Caption-style text data:

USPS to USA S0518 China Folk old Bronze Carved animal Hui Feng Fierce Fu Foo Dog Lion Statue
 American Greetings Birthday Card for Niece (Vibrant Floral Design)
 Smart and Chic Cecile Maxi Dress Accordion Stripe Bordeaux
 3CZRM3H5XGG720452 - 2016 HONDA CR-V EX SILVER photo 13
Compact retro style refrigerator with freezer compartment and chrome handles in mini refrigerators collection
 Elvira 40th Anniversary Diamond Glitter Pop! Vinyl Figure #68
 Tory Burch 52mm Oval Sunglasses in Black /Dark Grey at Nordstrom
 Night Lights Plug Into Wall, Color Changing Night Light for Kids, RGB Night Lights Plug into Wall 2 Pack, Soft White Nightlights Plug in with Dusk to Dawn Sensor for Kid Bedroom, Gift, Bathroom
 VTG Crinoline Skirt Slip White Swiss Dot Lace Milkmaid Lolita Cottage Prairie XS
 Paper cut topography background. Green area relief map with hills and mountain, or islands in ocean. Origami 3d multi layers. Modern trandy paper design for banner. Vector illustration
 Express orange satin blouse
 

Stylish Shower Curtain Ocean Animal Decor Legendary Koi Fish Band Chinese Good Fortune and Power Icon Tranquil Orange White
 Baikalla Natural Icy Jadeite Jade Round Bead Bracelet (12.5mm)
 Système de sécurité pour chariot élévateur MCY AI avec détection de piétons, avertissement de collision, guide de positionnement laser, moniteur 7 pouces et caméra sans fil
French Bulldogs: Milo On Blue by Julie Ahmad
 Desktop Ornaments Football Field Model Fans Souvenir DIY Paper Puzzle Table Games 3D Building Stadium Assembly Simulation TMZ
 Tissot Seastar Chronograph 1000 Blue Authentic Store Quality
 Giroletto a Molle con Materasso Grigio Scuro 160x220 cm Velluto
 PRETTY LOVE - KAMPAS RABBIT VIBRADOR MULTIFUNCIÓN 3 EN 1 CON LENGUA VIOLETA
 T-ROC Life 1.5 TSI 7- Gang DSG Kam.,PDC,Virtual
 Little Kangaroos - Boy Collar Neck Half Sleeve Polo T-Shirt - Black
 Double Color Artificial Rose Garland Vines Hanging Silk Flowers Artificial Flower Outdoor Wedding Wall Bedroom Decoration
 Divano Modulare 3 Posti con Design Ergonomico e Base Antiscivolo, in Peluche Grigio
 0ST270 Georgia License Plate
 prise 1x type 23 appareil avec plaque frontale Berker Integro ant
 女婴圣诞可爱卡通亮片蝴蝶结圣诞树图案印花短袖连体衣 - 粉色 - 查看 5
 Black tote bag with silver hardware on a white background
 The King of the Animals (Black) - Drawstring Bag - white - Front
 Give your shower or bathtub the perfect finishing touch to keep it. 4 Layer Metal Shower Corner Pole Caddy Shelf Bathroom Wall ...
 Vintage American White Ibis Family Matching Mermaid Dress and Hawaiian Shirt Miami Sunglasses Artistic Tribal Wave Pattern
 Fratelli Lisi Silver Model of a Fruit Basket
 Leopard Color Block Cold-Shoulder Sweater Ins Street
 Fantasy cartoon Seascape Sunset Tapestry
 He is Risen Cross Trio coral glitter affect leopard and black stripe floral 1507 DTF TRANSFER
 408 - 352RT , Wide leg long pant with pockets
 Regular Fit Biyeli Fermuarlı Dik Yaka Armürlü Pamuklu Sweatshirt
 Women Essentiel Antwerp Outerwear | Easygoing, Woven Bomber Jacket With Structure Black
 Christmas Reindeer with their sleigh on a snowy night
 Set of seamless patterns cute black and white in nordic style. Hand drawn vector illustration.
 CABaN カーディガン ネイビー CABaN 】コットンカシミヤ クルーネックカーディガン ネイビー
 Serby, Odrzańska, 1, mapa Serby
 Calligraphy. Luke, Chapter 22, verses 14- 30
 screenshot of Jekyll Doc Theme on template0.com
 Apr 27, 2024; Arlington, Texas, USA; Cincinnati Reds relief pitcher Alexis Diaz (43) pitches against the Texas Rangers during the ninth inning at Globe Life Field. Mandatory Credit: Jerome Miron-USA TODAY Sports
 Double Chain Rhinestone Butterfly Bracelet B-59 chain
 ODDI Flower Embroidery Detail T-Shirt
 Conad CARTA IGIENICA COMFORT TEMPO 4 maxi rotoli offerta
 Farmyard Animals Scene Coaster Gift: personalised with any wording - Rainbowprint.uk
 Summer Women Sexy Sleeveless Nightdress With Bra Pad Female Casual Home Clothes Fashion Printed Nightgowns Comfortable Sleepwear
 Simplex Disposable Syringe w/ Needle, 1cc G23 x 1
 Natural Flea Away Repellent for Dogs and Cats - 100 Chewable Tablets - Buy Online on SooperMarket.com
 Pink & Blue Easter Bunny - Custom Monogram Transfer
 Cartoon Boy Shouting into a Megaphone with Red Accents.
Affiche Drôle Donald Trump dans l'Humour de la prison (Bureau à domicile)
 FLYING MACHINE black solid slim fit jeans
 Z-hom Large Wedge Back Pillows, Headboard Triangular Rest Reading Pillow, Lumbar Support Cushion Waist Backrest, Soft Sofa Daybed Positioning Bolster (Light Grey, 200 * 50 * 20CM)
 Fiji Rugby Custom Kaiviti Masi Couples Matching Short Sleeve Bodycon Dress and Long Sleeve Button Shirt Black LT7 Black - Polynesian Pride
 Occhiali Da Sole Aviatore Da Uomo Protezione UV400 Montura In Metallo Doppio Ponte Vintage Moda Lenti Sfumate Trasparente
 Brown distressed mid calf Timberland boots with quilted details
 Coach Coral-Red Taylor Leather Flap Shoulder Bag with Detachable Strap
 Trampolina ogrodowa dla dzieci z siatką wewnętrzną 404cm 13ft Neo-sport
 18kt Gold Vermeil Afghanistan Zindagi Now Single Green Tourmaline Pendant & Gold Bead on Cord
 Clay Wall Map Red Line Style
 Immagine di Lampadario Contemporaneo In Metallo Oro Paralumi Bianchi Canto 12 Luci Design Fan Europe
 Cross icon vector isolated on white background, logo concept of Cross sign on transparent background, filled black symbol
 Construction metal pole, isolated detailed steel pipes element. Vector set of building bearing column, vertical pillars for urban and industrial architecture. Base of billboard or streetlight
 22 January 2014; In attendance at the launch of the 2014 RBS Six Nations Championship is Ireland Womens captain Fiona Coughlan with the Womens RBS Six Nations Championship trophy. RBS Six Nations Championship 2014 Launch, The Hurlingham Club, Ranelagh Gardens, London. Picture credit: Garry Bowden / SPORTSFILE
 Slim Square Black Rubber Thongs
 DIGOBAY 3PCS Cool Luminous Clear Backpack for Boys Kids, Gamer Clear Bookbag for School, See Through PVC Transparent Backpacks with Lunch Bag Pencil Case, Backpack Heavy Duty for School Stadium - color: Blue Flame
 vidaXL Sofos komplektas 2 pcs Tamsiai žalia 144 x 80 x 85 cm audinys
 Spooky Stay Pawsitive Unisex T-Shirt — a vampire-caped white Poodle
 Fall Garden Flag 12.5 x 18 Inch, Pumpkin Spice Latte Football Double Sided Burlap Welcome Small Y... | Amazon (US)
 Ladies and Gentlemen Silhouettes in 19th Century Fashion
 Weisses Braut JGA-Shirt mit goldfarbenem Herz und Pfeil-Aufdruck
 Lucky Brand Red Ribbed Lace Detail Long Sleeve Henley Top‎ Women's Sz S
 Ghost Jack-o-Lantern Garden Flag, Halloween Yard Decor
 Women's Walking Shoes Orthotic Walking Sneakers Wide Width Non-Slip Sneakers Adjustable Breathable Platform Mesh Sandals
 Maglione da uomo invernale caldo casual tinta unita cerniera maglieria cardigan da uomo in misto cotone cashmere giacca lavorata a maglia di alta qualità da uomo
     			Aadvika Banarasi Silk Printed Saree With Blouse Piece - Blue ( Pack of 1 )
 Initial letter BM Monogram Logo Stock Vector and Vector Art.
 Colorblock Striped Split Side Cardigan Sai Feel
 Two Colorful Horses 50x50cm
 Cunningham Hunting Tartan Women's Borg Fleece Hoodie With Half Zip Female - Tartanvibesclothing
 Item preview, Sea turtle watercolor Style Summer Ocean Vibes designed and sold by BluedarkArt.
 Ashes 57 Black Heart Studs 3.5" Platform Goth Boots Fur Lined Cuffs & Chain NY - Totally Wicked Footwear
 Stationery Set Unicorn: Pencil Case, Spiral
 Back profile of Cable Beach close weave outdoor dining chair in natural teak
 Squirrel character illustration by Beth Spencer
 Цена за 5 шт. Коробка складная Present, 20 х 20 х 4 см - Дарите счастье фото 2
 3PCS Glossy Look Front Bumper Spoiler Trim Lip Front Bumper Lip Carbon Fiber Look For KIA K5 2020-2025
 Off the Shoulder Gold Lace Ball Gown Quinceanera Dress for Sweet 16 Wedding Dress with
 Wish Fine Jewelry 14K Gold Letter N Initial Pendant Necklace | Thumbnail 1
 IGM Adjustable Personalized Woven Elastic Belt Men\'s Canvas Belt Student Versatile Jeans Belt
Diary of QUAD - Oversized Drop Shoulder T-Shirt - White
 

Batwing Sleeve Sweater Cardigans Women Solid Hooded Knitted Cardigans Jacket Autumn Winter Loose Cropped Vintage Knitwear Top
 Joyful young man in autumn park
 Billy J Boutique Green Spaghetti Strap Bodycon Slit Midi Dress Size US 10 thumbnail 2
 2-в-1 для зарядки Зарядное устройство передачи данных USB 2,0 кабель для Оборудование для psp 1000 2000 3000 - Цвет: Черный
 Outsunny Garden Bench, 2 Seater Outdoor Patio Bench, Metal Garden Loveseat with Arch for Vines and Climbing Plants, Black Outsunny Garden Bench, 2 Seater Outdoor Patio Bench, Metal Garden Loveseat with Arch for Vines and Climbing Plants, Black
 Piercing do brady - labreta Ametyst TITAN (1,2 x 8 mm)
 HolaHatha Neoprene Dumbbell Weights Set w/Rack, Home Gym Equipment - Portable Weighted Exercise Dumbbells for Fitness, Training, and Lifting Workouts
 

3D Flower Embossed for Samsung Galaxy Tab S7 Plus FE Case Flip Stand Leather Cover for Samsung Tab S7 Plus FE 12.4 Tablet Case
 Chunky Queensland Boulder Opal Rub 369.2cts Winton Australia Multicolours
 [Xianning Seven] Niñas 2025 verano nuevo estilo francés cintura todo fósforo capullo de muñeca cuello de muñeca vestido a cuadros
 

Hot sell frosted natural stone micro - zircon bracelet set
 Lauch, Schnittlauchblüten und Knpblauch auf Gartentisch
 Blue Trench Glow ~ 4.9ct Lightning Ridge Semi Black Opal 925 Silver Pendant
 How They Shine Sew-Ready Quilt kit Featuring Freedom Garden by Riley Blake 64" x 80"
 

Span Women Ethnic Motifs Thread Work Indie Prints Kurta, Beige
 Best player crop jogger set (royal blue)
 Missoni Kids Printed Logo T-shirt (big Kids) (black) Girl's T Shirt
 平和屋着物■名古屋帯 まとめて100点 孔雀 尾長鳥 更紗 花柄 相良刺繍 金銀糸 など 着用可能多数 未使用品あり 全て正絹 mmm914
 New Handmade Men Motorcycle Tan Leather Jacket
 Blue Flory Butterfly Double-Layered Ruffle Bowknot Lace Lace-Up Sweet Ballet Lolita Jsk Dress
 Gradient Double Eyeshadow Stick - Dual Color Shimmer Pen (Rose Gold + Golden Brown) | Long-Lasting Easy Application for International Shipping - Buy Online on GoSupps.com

Problem to work on: The line with "3CZRM3H5XGG720452 - 2016" marks the end; reproduce exactly every line from the start of the entries up to it, that line included.

Solution for this task:
USPS to USA S0518 China Folk old Bronze Carved animal Hui Feng Fierce Fu Foo Dog Lion Statue
 American Greetings Birthday Card for Niece (Vibrant Floral Design)
 Smart and Chic Cecile Maxi Dress Accordion Stripe Bordeaux
 3CZRM3H5XGG720452 - 2016 HONDA CR-V EX SILVER photo 13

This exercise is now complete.